3. Decide what level of "social" you'll be at the barn. My work schedule is nuts, so when I was at the barn, I was there to see my horses and ride. A lot of other people- perfectly nice, friendly, interesting people- were there for the social stuff first, with their horses being an excuse for the socializing. I was always happy to go out on trails with others who were there and wanted to ride, but I was not going to wait around for an hour while people chatted and slowly got tacked up. I would sometimes make plans ahead of time to ride with a person or a small group, but my priority was on the horses. Sometimes that made me feel like a bit of an outsider. I was always friendly with people, and they were always polite to me, but I was definitely not part of the "hanging out" gang.
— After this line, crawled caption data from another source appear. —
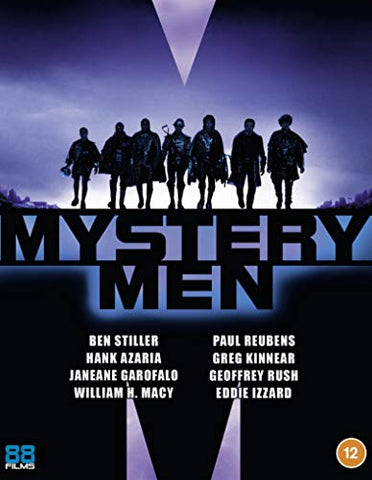 Mystery Men [BLU-RAY]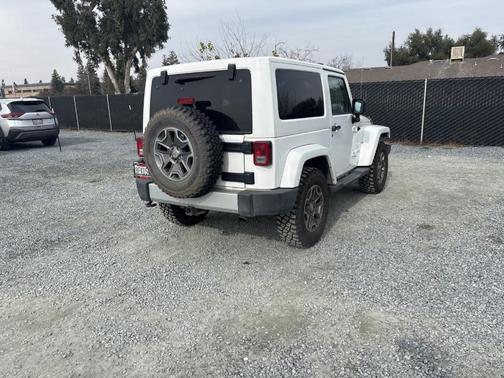 2014 Jeep Wrangler Sahara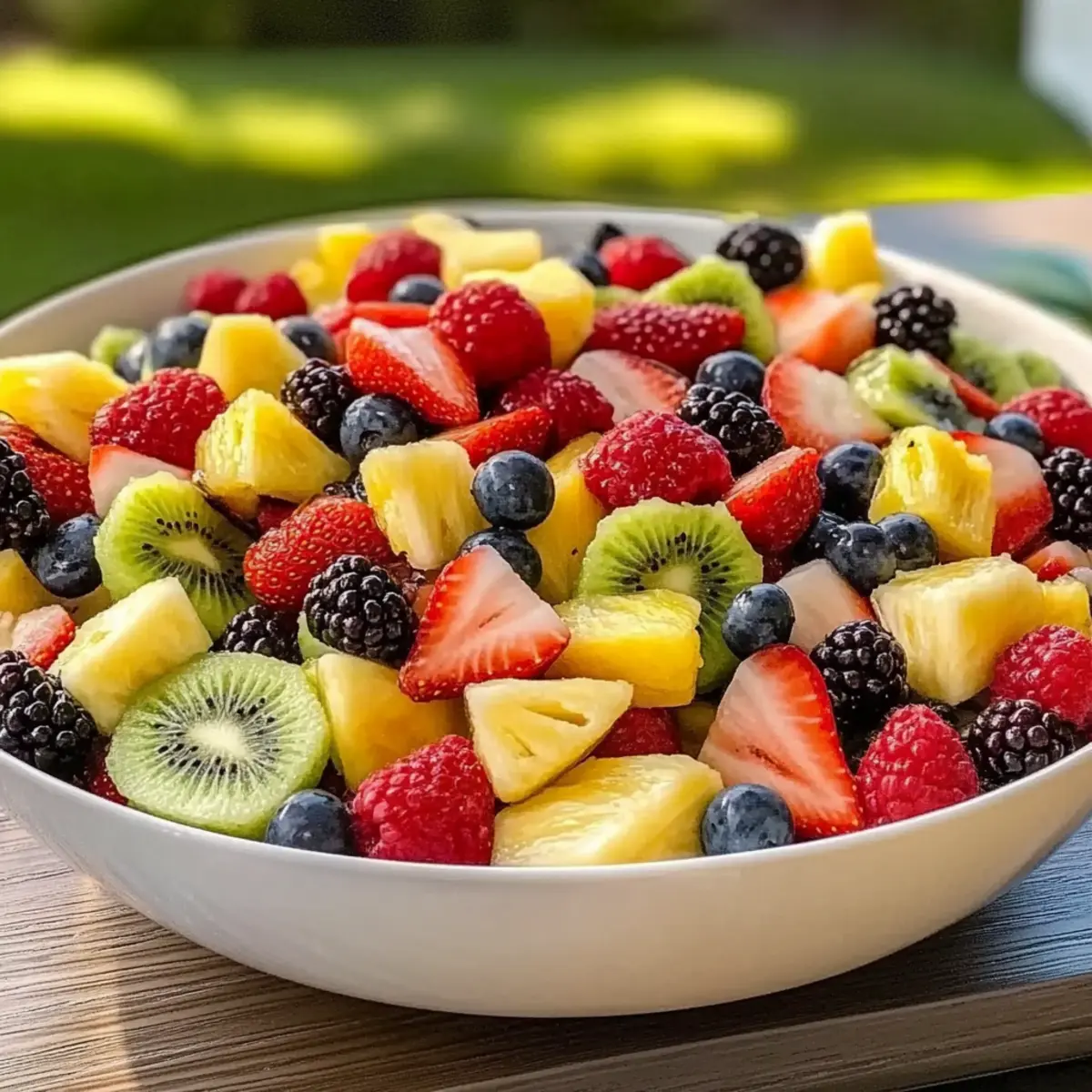 Refreshing Summer Fruit Salad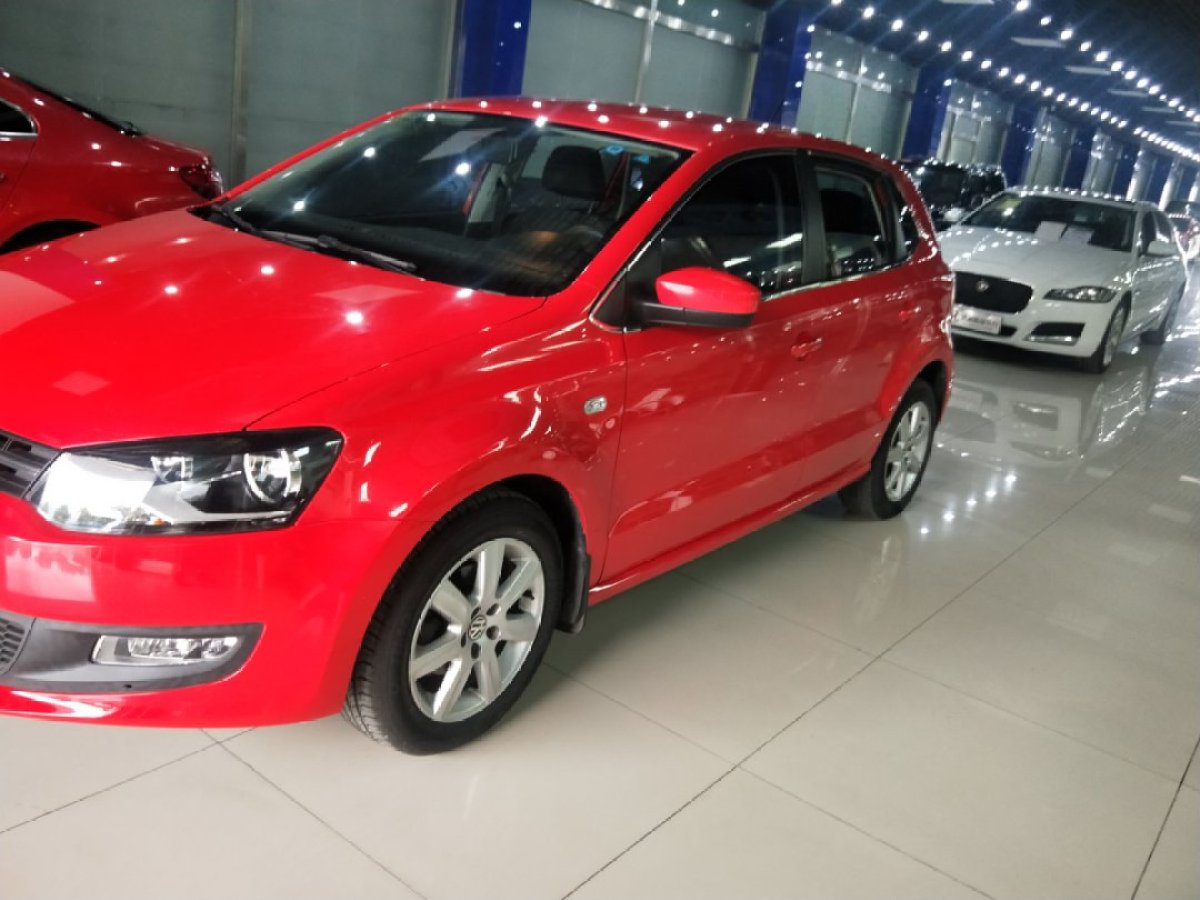 大众 polo 2013款 1.6l 自动舒适版图片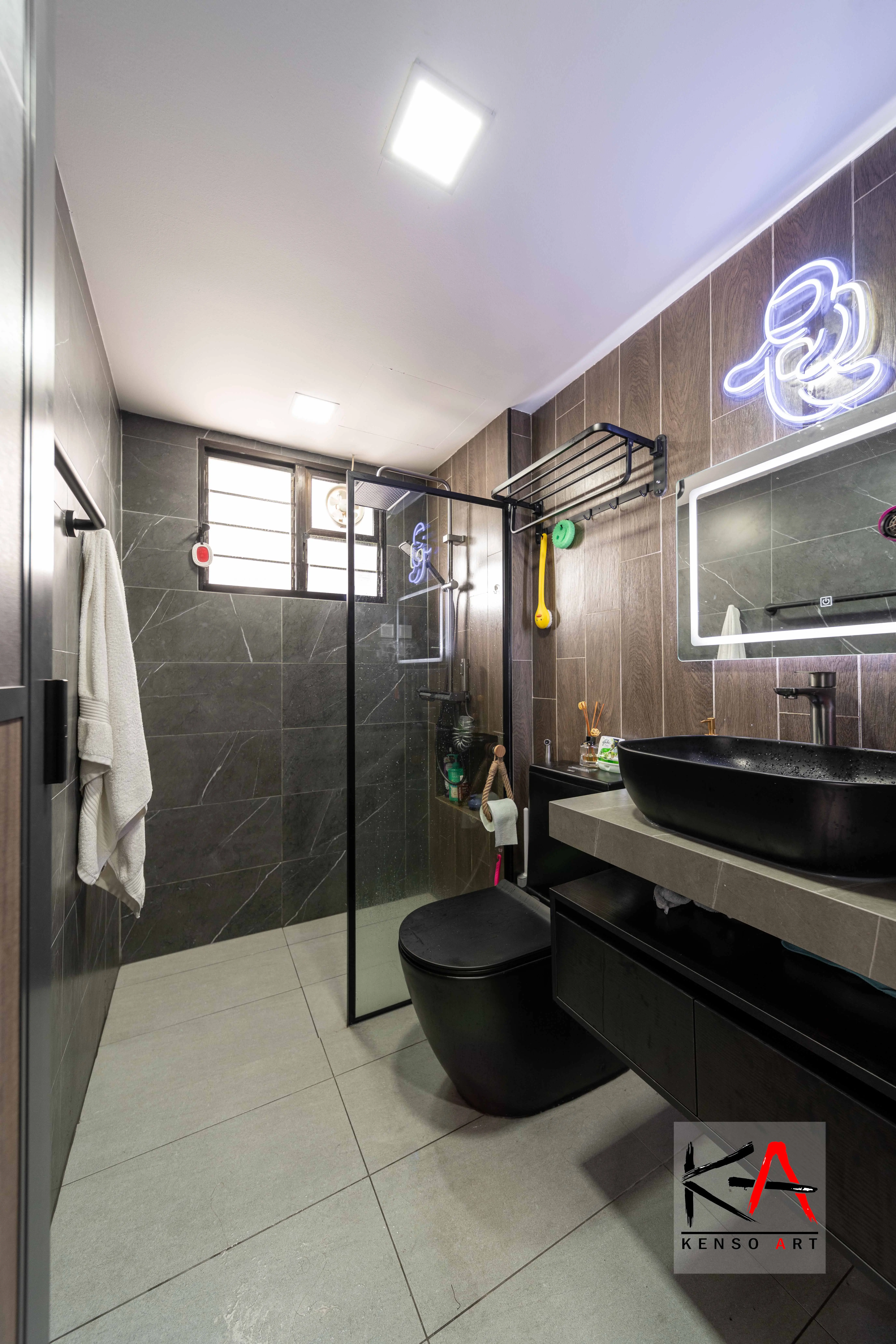 Kenso Art Interiors Pte Ltd - Minimalistic / Scandinavian -  - Resale HDB - $80,000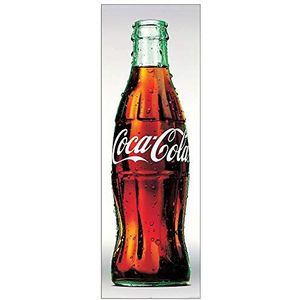 Artopweb Coca Cola wandbord van MDF, meerkleurig, 53 x 158 cm
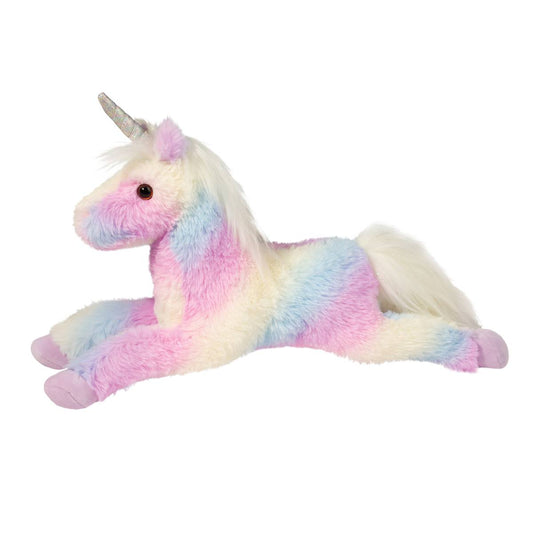 Douglas Cuddle Toys Anita Rainbow Unicorn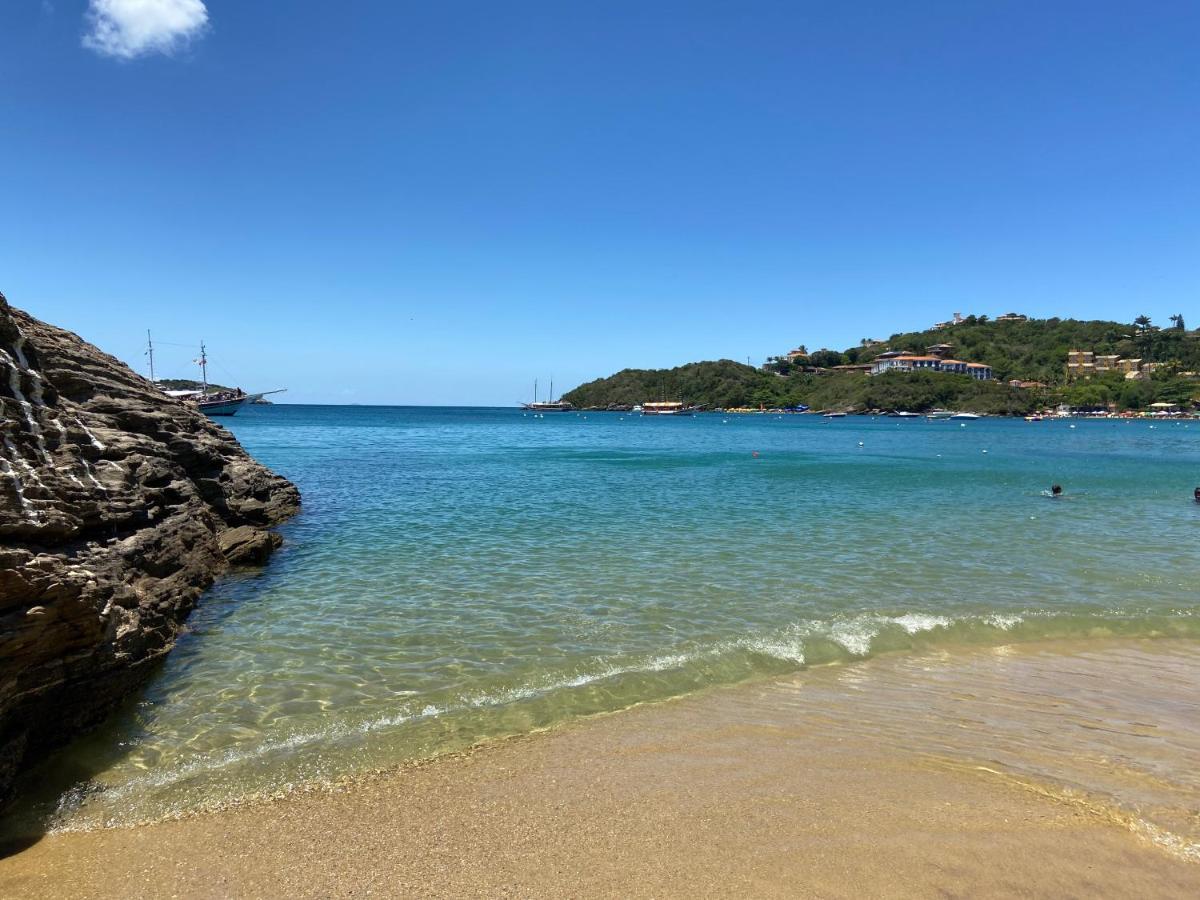 Buzios Beach Dowtown Bagian luar foto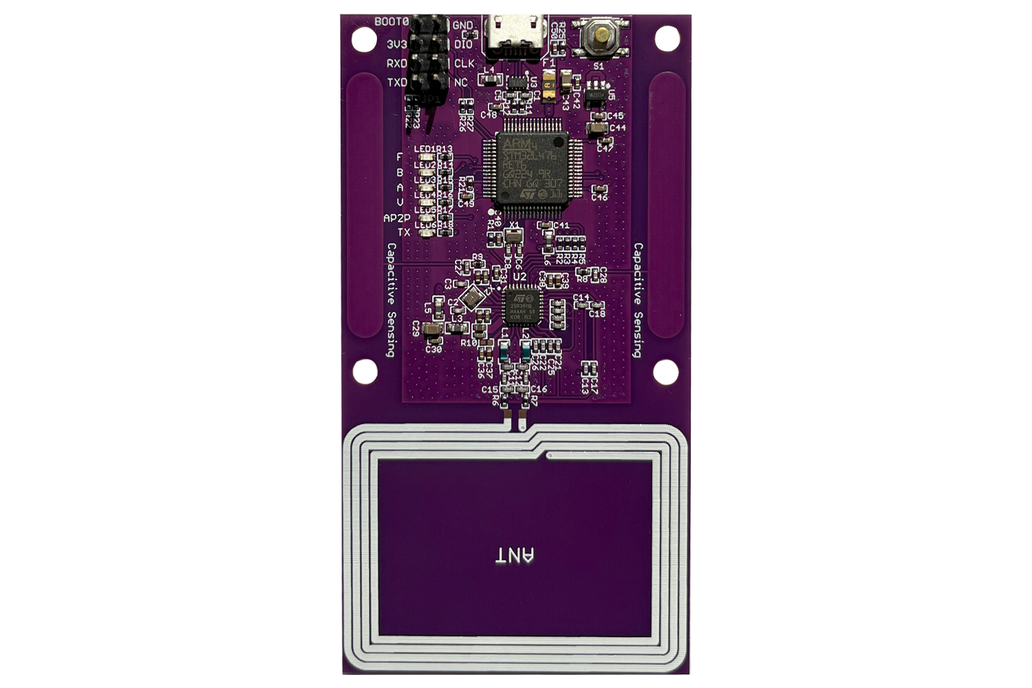 NFC Reader 3911 Dev Board  Open Source 1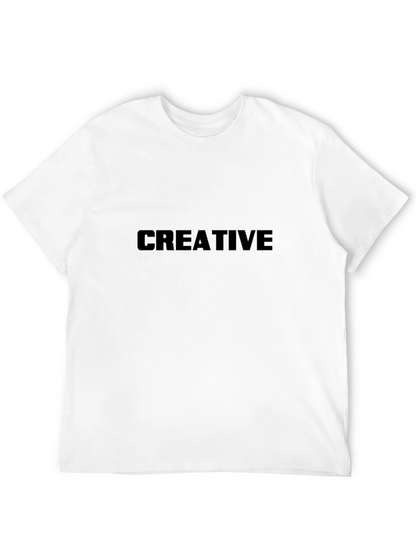 Creative Black T-Shirt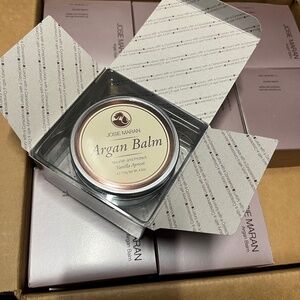 Josie Maran Argan Oil Face Balm Set 0.5 oz Multiple Boxed Items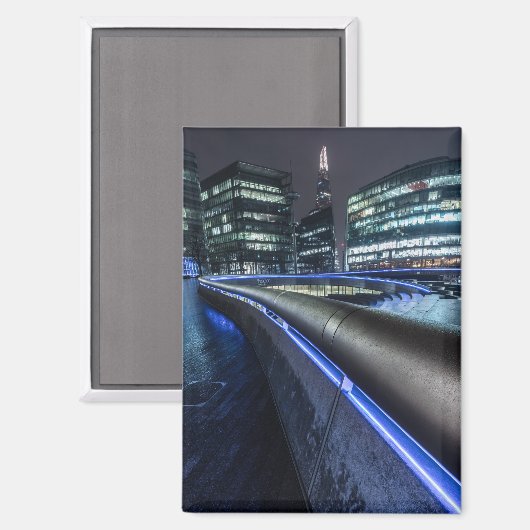 ロンドンの夜 マグネット (正面/裏面)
4. Keep your opinions about other boarders to yourself- how they train their horse, how they ride their horse, how they care for their equipment, when they blanket, how they shoe. All those "hot button" horse issues seem to get magnified in a boarding situation. Don't gossip about so-and-so using _THAT bit_ or little Jenny who is bopping around bareback on her OTTB without riding him "in a frame." If you have a decent BO, he or she is keeping an eye out for things that are dangerous to horses or humans, and it's not your job to share your opinion on those kinds of things unless you or your horse are put in a potentially dangerous situation.


----------



## PoptartShop (Jul 25, 2010)

Hmmm, that doesn't make any sense. If it's a 'full-service' barn...I'd expect just that, FULL service.

My place is a full service barn, I only provide my feed, that's it. 

What kind of chores are you doing exactly? Of course I clean up after my horse. For example, if she poops in the cross-ties (daily occurance lol)...I always clean it up. I keep my space nice & neat, etc. 

There ARE some people that do chores (clean stalls, help feed) to save money on board and lessons. 

I would speak to them about the contract you signed though. They may be able to clear it up for you.


----------



## AnitaAnne (Oct 31, 2010)

There is an old saying...When in Rome, do as the Romans do. So observe what the other long term boarders do, and try to do similar, within your physical and time constraints. 

There are definitely lots of unwritten rules at boarding facilities, and the biggest issue is, most of them change depending on the barn and even a change in the boarders. 


If your barn has an unwritten rule that everyone helps out, I think it would be best to figure out what type of help is wanted. Can be everything from trail clearing weekends to fence repair to helping stack hay. I have done all those things and more. Boarders buy new lights, repaint stalls, buy additional hay, maintain fencing that their horse is in, etc. 

Every boarder barn here expects help from the boarders. I do not live in a wealthy community and board cost is low so people can _almost_ afford it. The only way they can stay in business is if people help out. 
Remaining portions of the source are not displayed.